---------- Data provided ----------
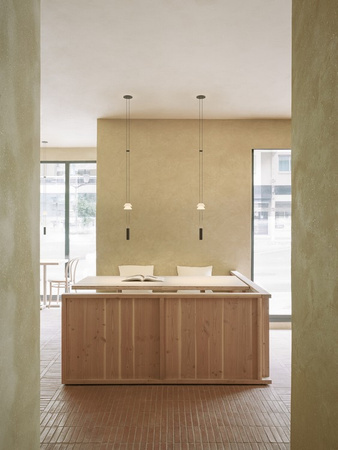 Lampa wewnętrzna, wisząca Vibia Flamingo Mini 1580 2700K, ekspozycja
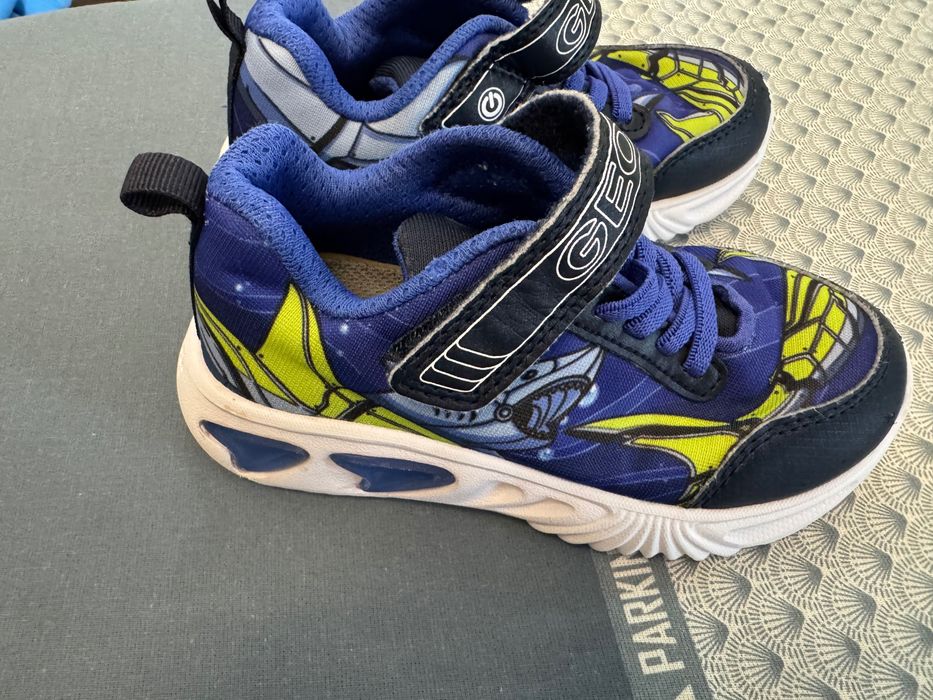 Обувки Geox 27 номер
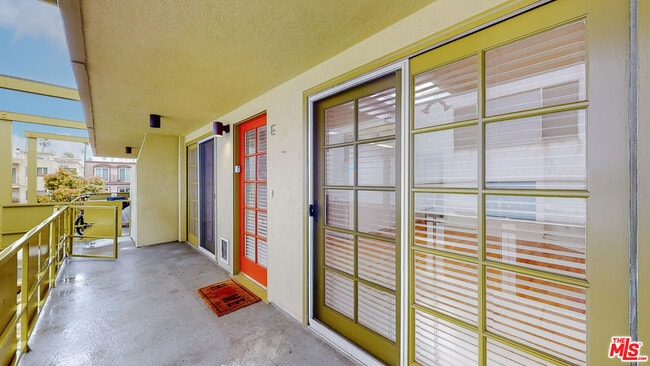 Photo - 1123 10th St Unidad E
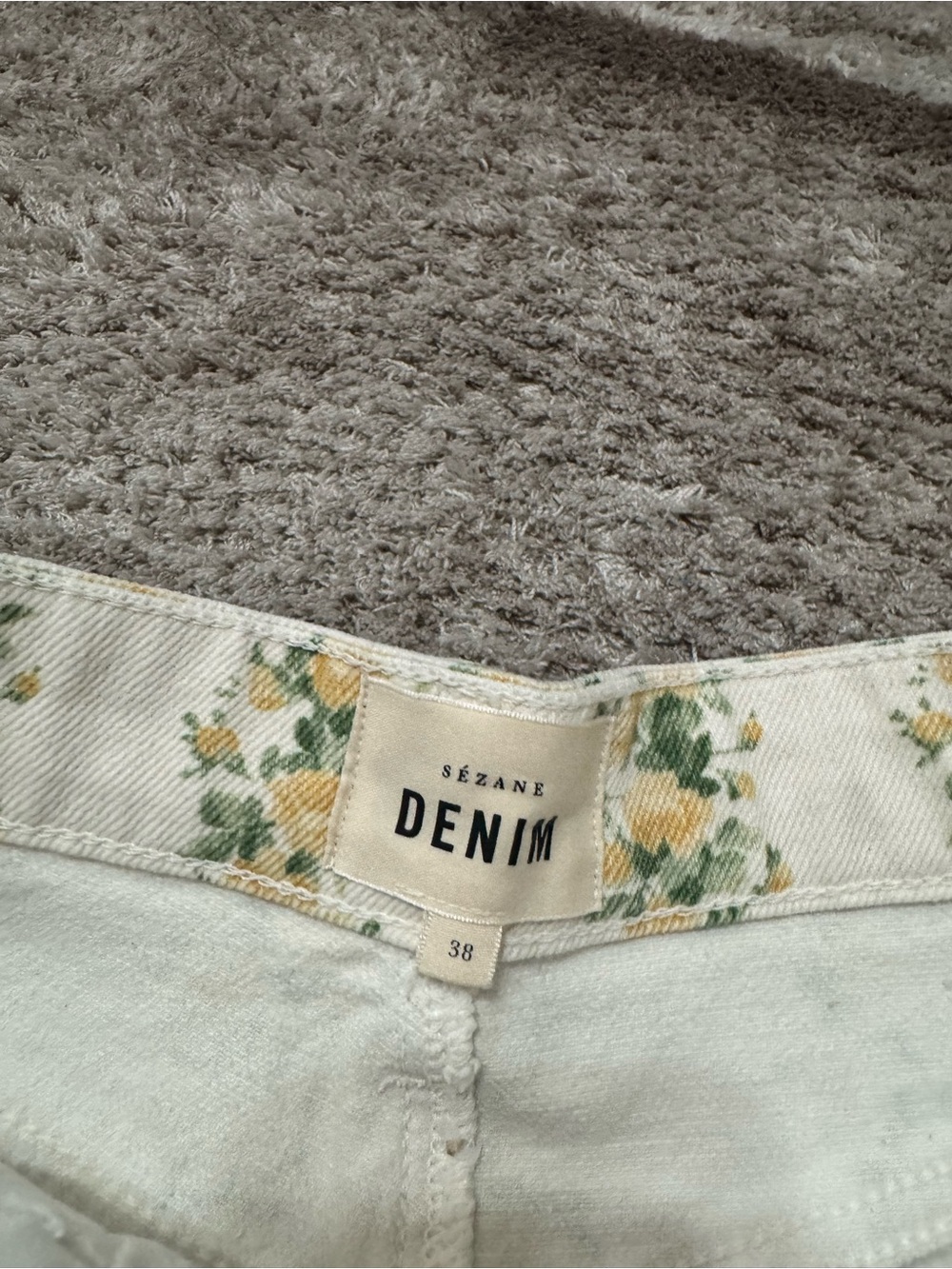 Sezane LE SUMMER SHORTS - Picture 3 of 4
----------
* **Work required**
Return the listing verbatim, pictures omitted.

* **Result of the task**
 Lampa wewnętrzna, wisząca Vibia Flamingo Mini 1580 2700K, ekspozycja
 Обувки Geox 27 номер
 Photo - 1123 10th St Unidad E
 Sezane LE SUMMER SHORTS - Picture 3 of 4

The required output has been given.